El-Hassam was about to say something, but Moffitt beat him to it. “Unless they all get pardoned,” he said.

 

Taneesha led her out: down a wide corridor, across the open space to the gate, where new guards were on duty. They shone the infrared torch on the back of her hand. VISITOR showed up in blue and they returned her license, keys, pens, cell phone.

“Coming back?” Taneesha said.

“Of course,” said Ivy, surprised.

“Lots don’t,” said Taneesha.

Ivy found her own way out of the administration building, out into the sunshine. All at once, she felt immensely powerful, completely free of worry and striving, at the tip-top of life. She crossed the street, walked up to a little park at the top of the hill. From there, she could look down, over the prison, across a broad golden flatland all the way to Lake Champlain, sparkling blue in the distance.
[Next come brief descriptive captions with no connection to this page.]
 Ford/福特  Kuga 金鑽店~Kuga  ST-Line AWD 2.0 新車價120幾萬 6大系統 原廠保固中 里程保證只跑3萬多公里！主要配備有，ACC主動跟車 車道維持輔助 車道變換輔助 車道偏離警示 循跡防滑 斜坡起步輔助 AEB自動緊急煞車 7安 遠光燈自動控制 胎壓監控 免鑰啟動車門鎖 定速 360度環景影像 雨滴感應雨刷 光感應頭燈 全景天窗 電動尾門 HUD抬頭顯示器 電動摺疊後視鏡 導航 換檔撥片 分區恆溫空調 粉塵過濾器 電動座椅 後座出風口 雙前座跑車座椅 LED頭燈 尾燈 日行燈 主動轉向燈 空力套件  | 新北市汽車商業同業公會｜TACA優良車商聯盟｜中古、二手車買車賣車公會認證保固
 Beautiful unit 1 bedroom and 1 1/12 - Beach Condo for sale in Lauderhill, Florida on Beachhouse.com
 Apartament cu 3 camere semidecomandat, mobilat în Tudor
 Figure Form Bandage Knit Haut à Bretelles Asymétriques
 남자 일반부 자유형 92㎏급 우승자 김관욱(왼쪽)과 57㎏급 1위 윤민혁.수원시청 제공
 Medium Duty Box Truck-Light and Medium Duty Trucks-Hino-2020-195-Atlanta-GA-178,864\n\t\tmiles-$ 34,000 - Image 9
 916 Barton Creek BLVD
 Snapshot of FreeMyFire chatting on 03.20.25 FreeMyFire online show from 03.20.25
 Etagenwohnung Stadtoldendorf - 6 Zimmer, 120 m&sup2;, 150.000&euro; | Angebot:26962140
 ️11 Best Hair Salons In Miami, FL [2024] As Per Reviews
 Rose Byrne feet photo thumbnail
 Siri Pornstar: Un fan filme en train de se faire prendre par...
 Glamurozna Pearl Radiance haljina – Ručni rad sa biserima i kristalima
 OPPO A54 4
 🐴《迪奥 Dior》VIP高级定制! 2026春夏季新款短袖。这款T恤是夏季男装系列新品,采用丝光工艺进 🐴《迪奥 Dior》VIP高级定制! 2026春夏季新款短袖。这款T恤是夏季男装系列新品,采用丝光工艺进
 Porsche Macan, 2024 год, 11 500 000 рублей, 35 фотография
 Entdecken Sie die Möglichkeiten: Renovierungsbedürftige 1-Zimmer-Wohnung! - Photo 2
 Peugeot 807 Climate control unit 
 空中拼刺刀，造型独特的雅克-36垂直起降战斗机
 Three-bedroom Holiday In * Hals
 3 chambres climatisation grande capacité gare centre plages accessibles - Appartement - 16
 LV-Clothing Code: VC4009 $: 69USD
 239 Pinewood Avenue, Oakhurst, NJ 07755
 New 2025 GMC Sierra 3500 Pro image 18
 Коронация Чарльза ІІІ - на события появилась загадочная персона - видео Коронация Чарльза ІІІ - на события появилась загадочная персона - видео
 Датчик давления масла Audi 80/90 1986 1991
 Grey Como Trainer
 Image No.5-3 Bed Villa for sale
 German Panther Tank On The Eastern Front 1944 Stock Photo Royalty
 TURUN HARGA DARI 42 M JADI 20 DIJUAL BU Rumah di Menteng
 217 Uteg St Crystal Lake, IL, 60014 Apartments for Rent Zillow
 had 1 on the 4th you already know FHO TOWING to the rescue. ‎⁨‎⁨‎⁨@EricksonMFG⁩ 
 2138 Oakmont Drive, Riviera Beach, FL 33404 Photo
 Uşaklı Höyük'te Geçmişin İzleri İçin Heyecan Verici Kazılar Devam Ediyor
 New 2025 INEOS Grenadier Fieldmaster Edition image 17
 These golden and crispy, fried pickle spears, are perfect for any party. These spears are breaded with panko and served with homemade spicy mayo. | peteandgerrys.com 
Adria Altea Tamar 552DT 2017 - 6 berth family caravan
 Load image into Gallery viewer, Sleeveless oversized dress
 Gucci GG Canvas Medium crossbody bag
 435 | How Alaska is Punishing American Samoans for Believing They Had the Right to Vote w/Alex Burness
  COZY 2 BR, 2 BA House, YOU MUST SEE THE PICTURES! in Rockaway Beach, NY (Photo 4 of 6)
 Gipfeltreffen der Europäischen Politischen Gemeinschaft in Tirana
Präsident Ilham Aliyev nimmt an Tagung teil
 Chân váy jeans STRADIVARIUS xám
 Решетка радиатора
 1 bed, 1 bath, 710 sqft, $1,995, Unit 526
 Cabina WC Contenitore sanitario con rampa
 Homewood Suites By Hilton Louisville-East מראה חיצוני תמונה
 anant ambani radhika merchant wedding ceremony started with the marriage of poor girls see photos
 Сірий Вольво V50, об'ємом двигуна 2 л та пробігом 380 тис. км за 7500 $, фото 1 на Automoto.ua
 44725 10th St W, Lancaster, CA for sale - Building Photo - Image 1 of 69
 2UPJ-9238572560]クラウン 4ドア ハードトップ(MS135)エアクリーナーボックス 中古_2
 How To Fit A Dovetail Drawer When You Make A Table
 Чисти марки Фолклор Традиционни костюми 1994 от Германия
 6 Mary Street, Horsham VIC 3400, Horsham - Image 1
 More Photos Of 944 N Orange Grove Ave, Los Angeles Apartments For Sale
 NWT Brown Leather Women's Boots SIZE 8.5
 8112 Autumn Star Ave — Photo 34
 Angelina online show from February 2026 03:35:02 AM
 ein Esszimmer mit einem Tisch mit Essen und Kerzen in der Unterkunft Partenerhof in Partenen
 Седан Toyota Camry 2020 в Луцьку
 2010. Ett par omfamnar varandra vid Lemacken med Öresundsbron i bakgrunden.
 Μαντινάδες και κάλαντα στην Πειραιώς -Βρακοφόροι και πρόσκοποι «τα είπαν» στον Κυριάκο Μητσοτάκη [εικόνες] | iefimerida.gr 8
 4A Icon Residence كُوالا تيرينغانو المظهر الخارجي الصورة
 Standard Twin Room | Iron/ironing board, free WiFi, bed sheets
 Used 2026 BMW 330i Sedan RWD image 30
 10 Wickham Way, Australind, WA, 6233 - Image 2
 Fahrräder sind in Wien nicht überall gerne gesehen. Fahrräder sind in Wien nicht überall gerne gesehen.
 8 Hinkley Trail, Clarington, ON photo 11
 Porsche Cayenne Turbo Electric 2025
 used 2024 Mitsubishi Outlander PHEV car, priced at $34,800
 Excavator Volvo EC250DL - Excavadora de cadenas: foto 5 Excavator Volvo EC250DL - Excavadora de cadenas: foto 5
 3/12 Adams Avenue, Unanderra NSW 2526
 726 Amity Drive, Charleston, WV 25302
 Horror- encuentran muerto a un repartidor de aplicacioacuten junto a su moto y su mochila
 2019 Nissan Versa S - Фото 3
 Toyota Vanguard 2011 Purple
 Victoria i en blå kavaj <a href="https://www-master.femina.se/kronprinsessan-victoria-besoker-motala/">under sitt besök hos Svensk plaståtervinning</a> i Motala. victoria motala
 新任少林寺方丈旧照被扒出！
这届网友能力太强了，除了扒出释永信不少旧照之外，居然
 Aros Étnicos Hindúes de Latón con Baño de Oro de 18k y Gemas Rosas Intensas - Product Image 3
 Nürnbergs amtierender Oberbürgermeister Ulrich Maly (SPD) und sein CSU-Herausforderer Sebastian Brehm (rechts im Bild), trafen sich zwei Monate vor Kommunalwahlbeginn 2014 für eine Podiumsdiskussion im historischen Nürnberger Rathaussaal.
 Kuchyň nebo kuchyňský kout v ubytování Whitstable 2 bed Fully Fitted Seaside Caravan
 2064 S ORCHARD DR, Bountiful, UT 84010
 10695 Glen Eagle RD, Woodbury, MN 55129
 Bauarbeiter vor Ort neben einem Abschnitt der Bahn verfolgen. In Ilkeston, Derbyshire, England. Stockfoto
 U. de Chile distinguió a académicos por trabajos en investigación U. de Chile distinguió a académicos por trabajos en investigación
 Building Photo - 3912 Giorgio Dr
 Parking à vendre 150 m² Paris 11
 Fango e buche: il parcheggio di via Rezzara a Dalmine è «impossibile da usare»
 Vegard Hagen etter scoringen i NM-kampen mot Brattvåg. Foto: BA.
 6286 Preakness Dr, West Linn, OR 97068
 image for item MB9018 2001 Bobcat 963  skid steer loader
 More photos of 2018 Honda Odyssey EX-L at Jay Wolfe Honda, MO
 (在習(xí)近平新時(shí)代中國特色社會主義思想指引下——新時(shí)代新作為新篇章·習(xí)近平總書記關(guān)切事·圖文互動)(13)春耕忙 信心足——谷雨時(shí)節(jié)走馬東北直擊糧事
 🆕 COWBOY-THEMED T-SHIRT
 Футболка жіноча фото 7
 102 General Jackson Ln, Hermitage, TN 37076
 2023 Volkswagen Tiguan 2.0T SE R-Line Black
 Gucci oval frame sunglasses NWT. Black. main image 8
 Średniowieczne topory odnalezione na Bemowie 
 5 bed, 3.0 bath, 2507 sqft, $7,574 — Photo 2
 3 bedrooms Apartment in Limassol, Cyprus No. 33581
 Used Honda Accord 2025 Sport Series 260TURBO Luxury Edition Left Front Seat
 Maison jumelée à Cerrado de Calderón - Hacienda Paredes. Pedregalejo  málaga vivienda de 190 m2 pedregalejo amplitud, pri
That reminded her of the Great Salt Lake, which she had never actually seen, and those few lines liked by The New Yorker. She was going to get better than that, way better.

Ivy leaned against a tree, read the chain poem. None of them could spell at all, and El-Hassam was the worst. Many of Morales’s letters were backwards and so were some of Perkins’s. Also Perkins did a lot of capitalizing.

Corrected for spelling and those backwards letters, Perkins had written:

Tomorrow and tomorrow and Tomorrow

Creeps in this Petty Pace from day to day

To the Last syllable of recorded Time

And All our yesterdays Have lighted Fools

The way to Dusty Death.

Somehow memorizing the whole thing just from hearing her say it once.

Morales:

I had wheels man! Bright orange Camaro! like a
firebomb with a 427! and mag rims me and my
homey stole off a jew in Trenton! Zoom! Took two
hos on a cookout! Carmen and the one with the tits!

That one do what I want all the way home! Ooooo! Not
all the way, cause of we getting wrecked by this
eighteen-wheeler off of exit 79!

And he’d signed it, Hector Luis Morales, in big letters with lots of flourishes, not unlike John Hancock except for the backwards letters.

And El-Hassam:

Ivy drove home. She stopped shaking somewhere on the Northway.